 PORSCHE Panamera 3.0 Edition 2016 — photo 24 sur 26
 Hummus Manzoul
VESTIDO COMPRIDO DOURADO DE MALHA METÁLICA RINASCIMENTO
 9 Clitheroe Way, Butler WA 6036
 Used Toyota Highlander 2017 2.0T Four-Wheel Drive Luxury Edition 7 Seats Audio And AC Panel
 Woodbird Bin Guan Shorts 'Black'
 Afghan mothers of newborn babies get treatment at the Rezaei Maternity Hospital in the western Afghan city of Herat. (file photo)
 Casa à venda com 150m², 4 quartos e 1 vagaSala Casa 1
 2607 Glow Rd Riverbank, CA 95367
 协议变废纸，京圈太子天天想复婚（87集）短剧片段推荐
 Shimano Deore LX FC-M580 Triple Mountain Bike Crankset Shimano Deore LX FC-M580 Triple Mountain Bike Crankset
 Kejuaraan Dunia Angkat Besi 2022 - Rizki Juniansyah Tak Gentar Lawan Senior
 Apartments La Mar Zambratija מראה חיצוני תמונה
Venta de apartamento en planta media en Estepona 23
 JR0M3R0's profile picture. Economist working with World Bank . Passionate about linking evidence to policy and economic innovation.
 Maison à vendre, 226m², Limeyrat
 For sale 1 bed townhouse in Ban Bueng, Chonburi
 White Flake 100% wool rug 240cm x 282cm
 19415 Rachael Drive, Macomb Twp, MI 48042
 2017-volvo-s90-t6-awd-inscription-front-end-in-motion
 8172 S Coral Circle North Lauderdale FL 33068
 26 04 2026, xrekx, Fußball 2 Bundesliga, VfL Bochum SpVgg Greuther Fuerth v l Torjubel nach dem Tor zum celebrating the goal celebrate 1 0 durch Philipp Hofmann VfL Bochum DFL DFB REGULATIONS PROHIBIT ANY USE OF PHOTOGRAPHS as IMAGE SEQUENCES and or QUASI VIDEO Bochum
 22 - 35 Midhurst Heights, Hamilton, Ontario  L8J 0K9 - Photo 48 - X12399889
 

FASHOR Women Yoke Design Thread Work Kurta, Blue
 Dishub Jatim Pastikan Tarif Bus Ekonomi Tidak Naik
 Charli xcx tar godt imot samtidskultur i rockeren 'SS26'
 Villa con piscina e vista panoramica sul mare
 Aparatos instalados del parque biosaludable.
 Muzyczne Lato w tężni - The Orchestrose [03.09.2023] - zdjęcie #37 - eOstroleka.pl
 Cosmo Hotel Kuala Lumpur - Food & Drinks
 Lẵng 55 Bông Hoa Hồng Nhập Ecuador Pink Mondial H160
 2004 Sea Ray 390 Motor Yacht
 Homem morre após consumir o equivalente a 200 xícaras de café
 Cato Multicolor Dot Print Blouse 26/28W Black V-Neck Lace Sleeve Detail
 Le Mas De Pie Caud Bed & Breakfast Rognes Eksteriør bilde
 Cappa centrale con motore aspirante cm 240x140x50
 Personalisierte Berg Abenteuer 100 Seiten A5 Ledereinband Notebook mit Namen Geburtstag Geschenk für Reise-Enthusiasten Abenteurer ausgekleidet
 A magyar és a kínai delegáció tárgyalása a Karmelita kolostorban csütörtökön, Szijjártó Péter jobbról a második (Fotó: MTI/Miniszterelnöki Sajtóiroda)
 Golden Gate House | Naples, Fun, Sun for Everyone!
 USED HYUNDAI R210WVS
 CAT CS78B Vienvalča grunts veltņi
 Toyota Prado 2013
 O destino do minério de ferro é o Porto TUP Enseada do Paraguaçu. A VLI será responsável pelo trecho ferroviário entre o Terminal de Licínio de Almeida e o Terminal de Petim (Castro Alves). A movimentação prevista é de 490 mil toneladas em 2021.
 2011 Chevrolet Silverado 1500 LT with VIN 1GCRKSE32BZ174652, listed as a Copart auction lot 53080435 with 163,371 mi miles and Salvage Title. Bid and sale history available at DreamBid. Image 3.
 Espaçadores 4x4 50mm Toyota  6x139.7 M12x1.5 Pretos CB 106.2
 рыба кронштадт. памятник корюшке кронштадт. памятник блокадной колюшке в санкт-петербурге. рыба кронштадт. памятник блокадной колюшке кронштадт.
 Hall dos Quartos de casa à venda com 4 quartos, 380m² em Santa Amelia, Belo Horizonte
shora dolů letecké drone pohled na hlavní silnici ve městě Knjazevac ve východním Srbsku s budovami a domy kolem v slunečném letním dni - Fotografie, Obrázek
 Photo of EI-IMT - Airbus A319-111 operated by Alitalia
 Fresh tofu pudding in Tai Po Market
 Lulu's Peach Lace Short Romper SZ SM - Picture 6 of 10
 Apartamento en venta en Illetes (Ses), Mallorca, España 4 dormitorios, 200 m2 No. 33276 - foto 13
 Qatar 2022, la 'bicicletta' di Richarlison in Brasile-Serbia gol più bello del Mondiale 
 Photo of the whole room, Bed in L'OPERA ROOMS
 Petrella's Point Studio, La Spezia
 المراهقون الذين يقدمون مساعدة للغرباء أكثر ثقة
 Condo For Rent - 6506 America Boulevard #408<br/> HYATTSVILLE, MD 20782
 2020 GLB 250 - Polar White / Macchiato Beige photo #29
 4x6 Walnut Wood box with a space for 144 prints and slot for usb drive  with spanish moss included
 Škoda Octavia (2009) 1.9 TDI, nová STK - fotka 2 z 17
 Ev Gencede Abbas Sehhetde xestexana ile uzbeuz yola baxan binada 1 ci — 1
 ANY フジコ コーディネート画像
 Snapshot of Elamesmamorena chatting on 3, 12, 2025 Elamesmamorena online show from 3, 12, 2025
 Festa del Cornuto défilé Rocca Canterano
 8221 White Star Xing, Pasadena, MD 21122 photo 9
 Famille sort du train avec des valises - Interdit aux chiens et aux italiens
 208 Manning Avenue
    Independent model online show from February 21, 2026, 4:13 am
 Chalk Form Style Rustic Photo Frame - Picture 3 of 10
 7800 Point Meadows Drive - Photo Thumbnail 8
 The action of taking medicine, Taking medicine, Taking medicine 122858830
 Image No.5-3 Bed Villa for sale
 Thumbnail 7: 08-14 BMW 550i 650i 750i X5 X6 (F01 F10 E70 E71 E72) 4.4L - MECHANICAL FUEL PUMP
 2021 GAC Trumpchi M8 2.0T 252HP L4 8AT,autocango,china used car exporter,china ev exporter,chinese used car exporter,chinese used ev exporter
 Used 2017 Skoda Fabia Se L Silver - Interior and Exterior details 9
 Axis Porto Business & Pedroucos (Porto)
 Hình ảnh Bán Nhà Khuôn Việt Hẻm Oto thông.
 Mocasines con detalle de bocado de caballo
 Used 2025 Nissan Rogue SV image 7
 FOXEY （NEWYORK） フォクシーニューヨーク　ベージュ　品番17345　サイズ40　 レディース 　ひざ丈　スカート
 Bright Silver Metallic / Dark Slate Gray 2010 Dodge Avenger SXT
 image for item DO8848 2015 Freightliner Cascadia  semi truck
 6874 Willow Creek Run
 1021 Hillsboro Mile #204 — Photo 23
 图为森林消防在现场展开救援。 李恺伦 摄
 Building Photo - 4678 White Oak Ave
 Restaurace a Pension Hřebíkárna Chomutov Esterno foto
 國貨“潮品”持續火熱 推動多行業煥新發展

* * * *

■ **Task details**
Nothing above should be left out. Print all the records exactly.

■ **Response box**
 PORSCHE Panamera 3.0 Edition 2016 — photo 24 sur 26
 Hummus Manzoul
VESTIDO COMPRIDO DOURADO DE MALHA METÁLICA RINASCIMENTO
 9 Clitheroe Way, Butler WA 6036
 Used Toyota Highlander 2017 2.0T Four-Wheel Drive Luxury Edition 7 Seats Audio And AC Panel
 Woodbird Bin Guan Shorts 'Black'
 Afghan mothers of newborn babies get treatment at the Rezaei Maternity Hospital in the western Afghan city of Herat. (file photo)
 Casa à venda com 150m², 4 quartos e 1 vagaSala Casa 1
 2607 Glow Rd Riverbank, CA 95367
 协议变废纸，京圈太子天天想复婚（87集）短剧片段推荐
 Shimano Deore LX FC-M580 Triple Mountain Bike Crankset Shimano Deore LX FC-M580 Triple Mountain Bike Crankset
 Kejuaraan Dunia Angkat Besi 2022 - Rizki Juniansyah Tak Gentar Lawan Senior
 Apartments La Mar Zambratija מראה חיצוני תמונה
Venta de apartamento en planta media en Estepona 23
 JR0M3R0's profile picture. Economist working with World Bank . Passionate about linking evidence to policy and economic innovation.
 Maison à vendre, 226m², Limeyrat
 For sale 1 bed townhouse in Ban Bueng, Chonburi
 White Flake 100% wool rug 240cm x 282cm
 19415 Rachael Drive, Macomb Twp, MI 48042
 2017-volvo-s90-t6-awd-inscription-front-end-in-motion
 8172 S Coral Circle North Lauderdale FL 33068
 26 04 2026, xrekx, Fußball 2 Bundesliga, VfL Bochum SpVgg Greuther Fuerth v l Torjubel nach dem Tor zum celebrating the goal celebrate 1 0 durch Philipp Hofmann VfL Bochum DFL DFB REGULATIONS PROHIBIT ANY USE OF PHOTOGRAPHS as IMAGE SEQUENCES and or QUASI VIDEO Bochum
 22 - 35 Midhurst Heights, Hamilton, Ontario  L8J 0K9 - Photo 48 - X12399889
 

FASHOR Women Yoke Design Thread Work Kurta, Blue
 Dishub Jatim Pastikan Tarif Bus Ekonomi Tidak Naik
 Charli xcx tar godt imot samtidskultur i rockeren 'SS26'
 Villa con piscina e vista panoramica sul mare
 Aparatos instalados del parque biosaludable.
 Muzyczne Lato w tężni - The Orchestrose [03.09.2023] - zdjęcie #37 - eOstroleka.pl
 Cosmo Hotel Kuala Lumpur - Food & Drinks
 Lẵng 55 Bông Hoa Hồng Nhập Ecuador Pink Mondial H160
 2004 Sea Ray 390 Motor Yacht
 Homem morre após consumir o equivalente a 200 xícaras de café
 Cato Multicolor Dot Print Blouse 26/28W Black V-Neck Lace Sleeve Detail
 Le Mas De Pie Caud Bed & Breakfast Rognes Eksteriør bilde
 Cappa centrale con motore aspirante cm 240x140x50
 Personalisierte Berg Abenteuer 100 Seiten A5 Ledereinband Notebook mit Namen Geburtstag Geschenk für Reise-Enthusiasten Abenteurer ausgekleidet
 A magyar és a kínai delegáció tárgyalása a Karmelita kolostorban csütörtökön, Szijjártó Péter jobbról a második (Fotó: MTI/Miniszterelnöki Sajtóiroda)
 Golden Gate House | Naples, Fun, Sun for Everyone!
 USED HYUNDAI R210WVS
 CAT CS78B Vienvalča grunts veltņi
 Toyota Prado 2013
 O destino do minério de ferro é o Porto TUP Enseada do Paraguaçu. A VLI será responsável pelo trecho ferroviário entre o Terminal de Licínio de Almeida e o Terminal de Petim (Castro Alves). A movimentação prevista é de 490 mil toneladas em 2021.
 2011 Chevrolet Silverado 1500 LT with VIN 1GCRKSE32BZ174652, listed as a Copart auction lot 53080435 with 163,371 mi miles and Salvage Title. Bid and sale history available at DreamBid. Image 3.
 Espaçadores 4x4 50mm Toyota  6x139.7 M12x1.5 Pretos CB 106.2
 рыба кронштадт. памятник корюшке кронштадт. памятник блокадной колюшке в санкт-петербурге. рыба кронштадт. памятник блокадной колюшке кронштадт.
 Hall dos Quartos de casa à venda com 4 quartos, 380m² em Santa Amelia, Belo Horizonte
shora dolů letecké drone pohled na hlavní silnici ve městě Knjazevac ve východním Srbsku s budovami a domy kolem v slunečném letním dni - Fotografie, Obrázek
 Photo of EI-IMT - Airbus A319-111 operated by Alitalia
 Fresh tofu pudding in Tai Po Market
 Lulu's Peach Lace Short Romper SZ SM - Picture 6 of 10
 Apartamento en venta en Illetes (Ses), Mallorca, España 4 dormitorios, 200 m2 No. 33276 - foto 13
 Qatar 2022, la 'bicicletta' di Richarlison in Brasile-Serbia gol più bello del Mondiale 
 Photo of the whole room, Bed in L'OPERA ROOMS
 Petrella's Point Studio, La Spezia
 المراهقون الذين يقدمون مساعدة للغرباء أكثر ثقة
 Condo For Rent - 6506 America Boulevard #408<br/> HYATTSVILLE, MD 20782
 2020 GLB 250 - Polar White / Macchiato Beige photo #29
 4x6 Walnut Wood box with a space for 144 prints and slot for usb drive  with spanish moss included
 Škoda Octavia (2009) 1.9 TDI, nová STK - fotka 2 z 17
 Ev Gencede Abbas Sehhetde xestexana ile uzbeuz yola baxan binada 1 ci — 1
 ANY フジコ コーディネート画像
 Snapshot of Elamesmamorena chatting on 3, 12, 2025 Elamesmamorena online show from 3, 12, 2025
 Festa del Cornuto défilé Rocca Canterano
 8221 White Star Xing, Pasadena, MD 21122 photo 9
 Famille sort du train avec des valises - Interdit aux chiens et aux italiens
 208 Manning Avenue
    Independent model online show from February 21, 2026, 4:13 am
 Chalk Form Style Rustic Photo Frame - Picture 3 of 10
 7800 Point Meadows Drive - Photo Thumbnail 8
 The action of taking medicine, Taking medicine, Taking medicine 122858830
 Image No.5-3 Bed Villa for sale
 Thumbnail 7: 08-14 BMW 550i 650i 750i X5 X6 (F01 F10 E70 E71 E72) 4.4L - MECHANICAL FUEL PUMP
 2021 GAC Trumpchi M8 2.0T 252HP L4 8AT,autocango,china used car exporter,china ev exporter,chinese used car exporter,chinese used ev exporter
 Used 2017 Skoda Fabia Se L Silver - Interior and Exterior details 9
 Axis Porto Business & Pedroucos (Porto)
 Hình ảnh Bán Nhà Khuôn Việt Hẻm Oto thông.
 Mocasines con detalle de bocado de caballo
 Used 2025 Nissan Rogue SV image 7
 FOXEY （NEWYORK） フォクシーニューヨーク　ベージュ　品番17345　サイズ40　 レディース 　ひざ丈　スカート
 Bright Silver Metallic / Dark Slate Gray 2010 Dodge Avenger SXT
 image for item DO8848 2015 Freightliner Cascadia  semi truck
 6874 Willow Creek Run
 1021 Hillsboro Mile #204 — Photo 23
 图为森林消防在现场展开救援。 李恺伦 摄
 Building Photo - 4678 White Oak Ave
 Restaurace a Pension Hřebíkárna Chomutov Esterno foto
 國貨“潮品”持續火熱 推動多行業煥新發展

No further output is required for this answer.